To pair the words "ecological" and "hermeneutic" requires that we accept the assumption that the human condition is no longer separate and distinct from our environment. When Islam was first revealed as a wisdom tradition, it was seeded in a tribal desert culture. All interpretations of Islam that originated in and evolved from that culture perforce have a tribal and/or ethnocentric dimension. In the 21st century, as a major world religion, Islam transcends all tribal and national boundaries. It is a trans-national faith in a planetary environment which is ecologically inter-dependent. Be it as a result of globalization which has resulted in an anthropologically pluralistic paradigm or because the survival of humankind requires a deep appreciation of the inter-dependence of all species, plants, insects, animals and humans - the entire spectrum of earth-based and sea-based species - any reality-driven hermeneutic of any world tradition can only be ecological if that tradition is to survive as a living, breathing faith tradition. This requires an array of lenses and perspectives to understand Islam, seriously, as a message for all of humankind and not for just 20% of the world's population.
Hans Kung, considered by some to be the greatest living theologian, in his masterful overview of Islam's 1400 year history, entitled "Islam - Past, Present & Future" surveys the landscape of Qur'anic exegesis, and draws some very pertinent conclusions in a chapter on Critical Exegesis:
"Diversity of approaches and forms
In the twentieth century, new tendencies in the Qur'anic exegesis developed, some of which can be found in classical exegesis, some outside it. The Islamologist Jacques Waardenburg of the University of Lausanne has given an analysis that is both knowledgeable and perceptive.
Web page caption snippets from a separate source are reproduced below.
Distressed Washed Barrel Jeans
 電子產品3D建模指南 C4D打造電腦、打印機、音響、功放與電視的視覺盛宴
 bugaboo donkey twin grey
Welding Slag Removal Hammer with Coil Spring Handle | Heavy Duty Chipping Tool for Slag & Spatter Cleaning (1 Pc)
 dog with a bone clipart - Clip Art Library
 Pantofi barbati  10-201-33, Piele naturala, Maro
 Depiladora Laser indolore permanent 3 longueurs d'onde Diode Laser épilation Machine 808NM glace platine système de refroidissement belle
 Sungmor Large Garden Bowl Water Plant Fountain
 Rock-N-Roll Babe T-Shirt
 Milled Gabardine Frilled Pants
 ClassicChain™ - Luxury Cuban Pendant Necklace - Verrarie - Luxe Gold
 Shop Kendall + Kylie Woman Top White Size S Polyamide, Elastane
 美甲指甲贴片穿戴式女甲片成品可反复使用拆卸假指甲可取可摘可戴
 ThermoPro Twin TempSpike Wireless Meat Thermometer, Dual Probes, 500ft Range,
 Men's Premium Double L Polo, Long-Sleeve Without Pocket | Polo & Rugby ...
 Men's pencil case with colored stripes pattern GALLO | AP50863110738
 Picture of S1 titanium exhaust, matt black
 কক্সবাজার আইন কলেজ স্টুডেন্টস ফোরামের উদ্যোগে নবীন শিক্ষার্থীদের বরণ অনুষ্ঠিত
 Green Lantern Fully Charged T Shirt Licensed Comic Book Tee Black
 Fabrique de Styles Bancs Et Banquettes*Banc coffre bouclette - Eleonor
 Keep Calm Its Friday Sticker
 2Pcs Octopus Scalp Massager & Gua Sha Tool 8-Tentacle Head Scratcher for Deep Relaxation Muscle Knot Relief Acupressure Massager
First there are new tendencies in the traditional exegesis of the Qur'an:
- The unique character of the Qur'an, as the final revelation of God and the miracle of the Arabic language, is further intensified by some scholars and preachers, also in the media.
- At a practical level, the return to the sources of Islam, Qur'an and Sunnah, is making a separation from burdensome elements of the tradition possible.
- Reformers are emphasizing the rationality of the Qur'an, which often uses rational arguments and emphasizes the need to acquire knowledge.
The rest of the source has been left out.